Cecere has been relying on the grocery delivery service Instacart with disappointing results.

She said 40% of the items she’s ordered on Instacart had been delivered short because the app does not update grocers’ inventory in real time. She said Walmart’s online delivery service has the same problems.

“So we’ve got a long way to go on rethinking these processes,” she said.

Cecere said she had a friend go shopping for her and he told her that all the grocers were handling the pandemic differently: At Target they were wiping down shopping carts and credit card pads, but there were no protective enclosures around cashiers; at Giant, a northeastern grocery chain, there were enclosures around cashiers; Walmart had no protection for cashiers.

“So we don’t have consistent guidelines from the CDC [Centers for Disease Control and Prevention] about what’s a safe shopping environment in this area.
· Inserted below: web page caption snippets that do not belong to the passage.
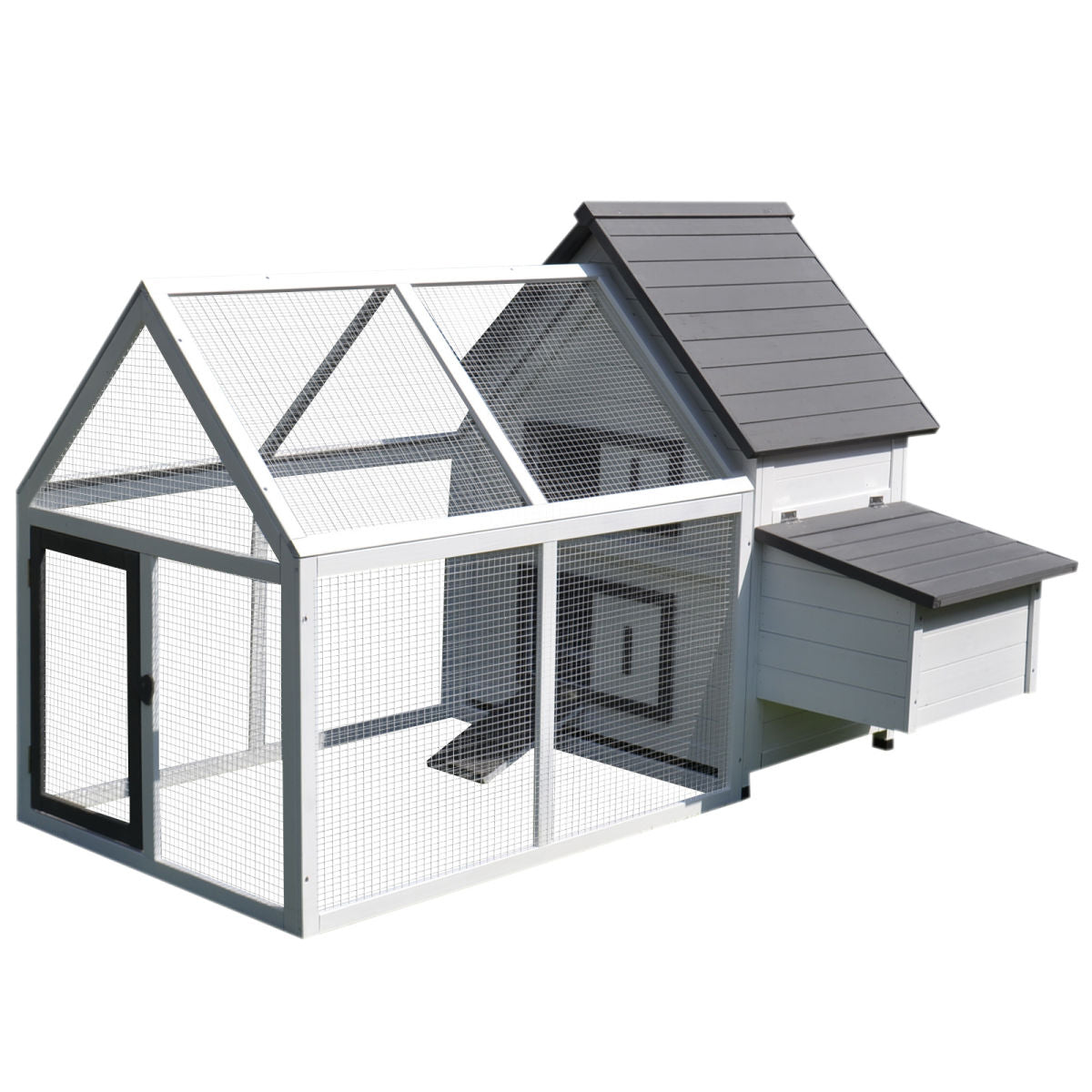 PawHut Chicken Coop With Run Wooden Hen House Pet Poultry Coops Cages Small Animal Outdoor Pen With Nesting Box 166 X 124 X 112cm
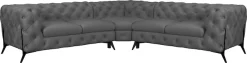 Home affaire Chesterfield-Sofa »Amaury L-Form« Chesterfield-Optik,Breite/Tiefe je 262 cm, Fußfarbe wählbar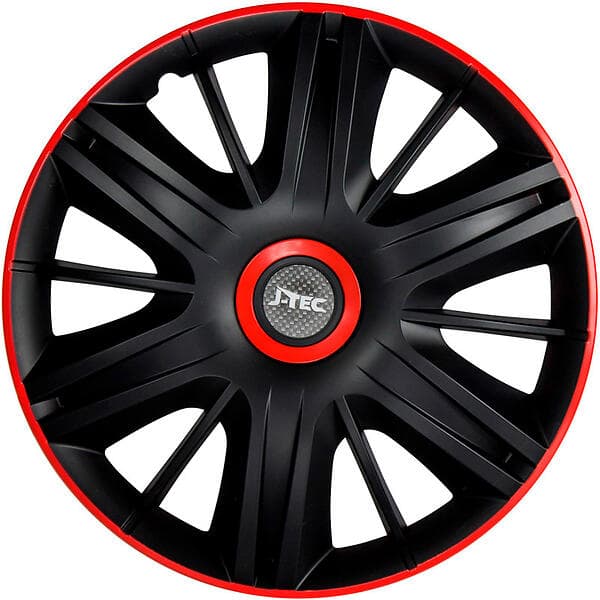 J-Tec Navkapslar set Maximus 13 tum svart/röd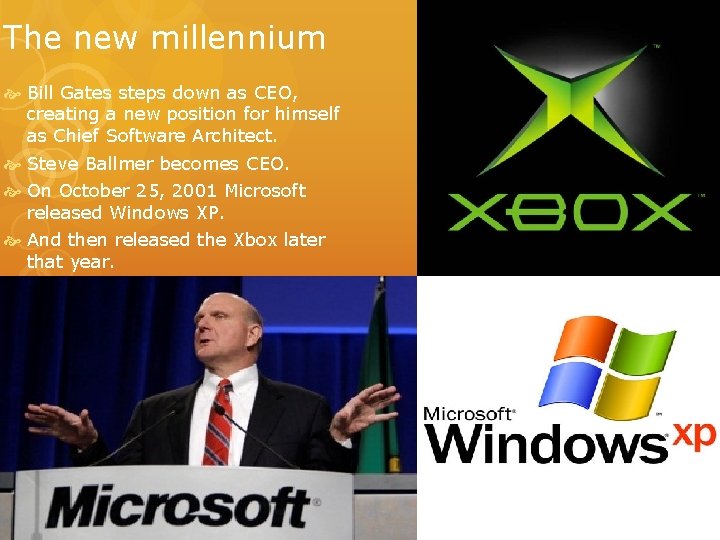 The new millennium Bill Gates steps down as CEO, creating a new position for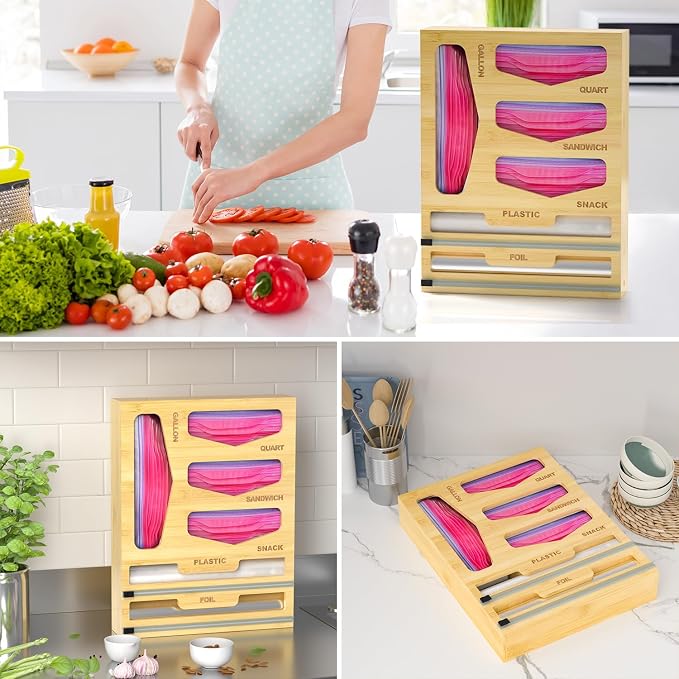 DALSHABET Bamboo Bag Organizer with Magnetic Closure, 6 In 1 Kitchen Drawer Foil and Plastic Wrap Dispenser with Cutter, Storage bag for Gallon, Quart, Sandwich, Snack Beige - Image 7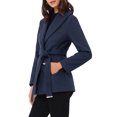 thumbnail image 4 of INSPIRE CHIC Trench Coats with Belt for Women's Shawl Collar A Line Outerwear Winter Jacket Pea Single Breasted Coat L Dark Blue, 4 of 6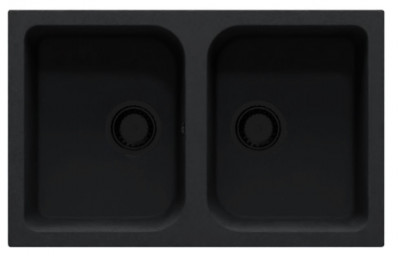 GraniteMy Dortmund sort granit dobbeltvask til montering ovenpå 76x48 cm med sort afløb 1208967041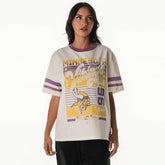 Minnesota Vikings The Wild Collective Women's Vintage Drop Shoulder Oversized Boyfriend T-Shirt - Cream - NFL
Every retailer is kind of doing his own thing the best he can,” she said.

Lisa Anderson, president of the business management firm LMA Consulting, said she’s impressed by how fast grocers responded to the increased demand caused by shoppers hoarding products with fears governments would impose quarantines to fight the coronavirus.

“They caught on quickly and started limiting the number of purchases within a category per person and started stocking the shelves throughout the day. By taking these two actions, the out-of-stock situation improved significantly and rapidly,” she said in an email.